- Records provided -
^^^^^^^^^^^^^^^^

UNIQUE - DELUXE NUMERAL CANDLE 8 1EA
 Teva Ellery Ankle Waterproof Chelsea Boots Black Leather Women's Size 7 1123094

^^^^^^^^^^^^^^^^

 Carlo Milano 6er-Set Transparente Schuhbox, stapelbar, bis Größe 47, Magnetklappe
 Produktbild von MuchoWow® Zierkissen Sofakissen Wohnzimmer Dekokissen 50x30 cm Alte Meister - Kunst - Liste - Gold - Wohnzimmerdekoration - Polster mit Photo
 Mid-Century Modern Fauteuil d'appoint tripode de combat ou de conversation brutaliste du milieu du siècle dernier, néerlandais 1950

^^^^^^^^^^^^^^^^

- What the task asks -
Print again the lines of the entries above that fall between the line holding "Carlo Milano 6er-Set" and the line holding "Mid-Century Modern Fauteuil", inclusive, exactly as they stand.

- Written response -
 Carlo Milano 6er-Set Transparente Schuhbox, stapelbar, bis Größe 47, Magnetklappe
 Produktbild von MuchoWow® Zierkissen Sofakissen Wohnzimmer Dekokissen 50x30 cm Alte Meister - Kunst - Liste - Gold - Wohnzimmerdekoration - Polster mit Photo
 Mid-Century Modern Fauteuil d'appoint tripode de combat ou de conversation brutaliste du milieu du siècle dernier, néerlandais 1950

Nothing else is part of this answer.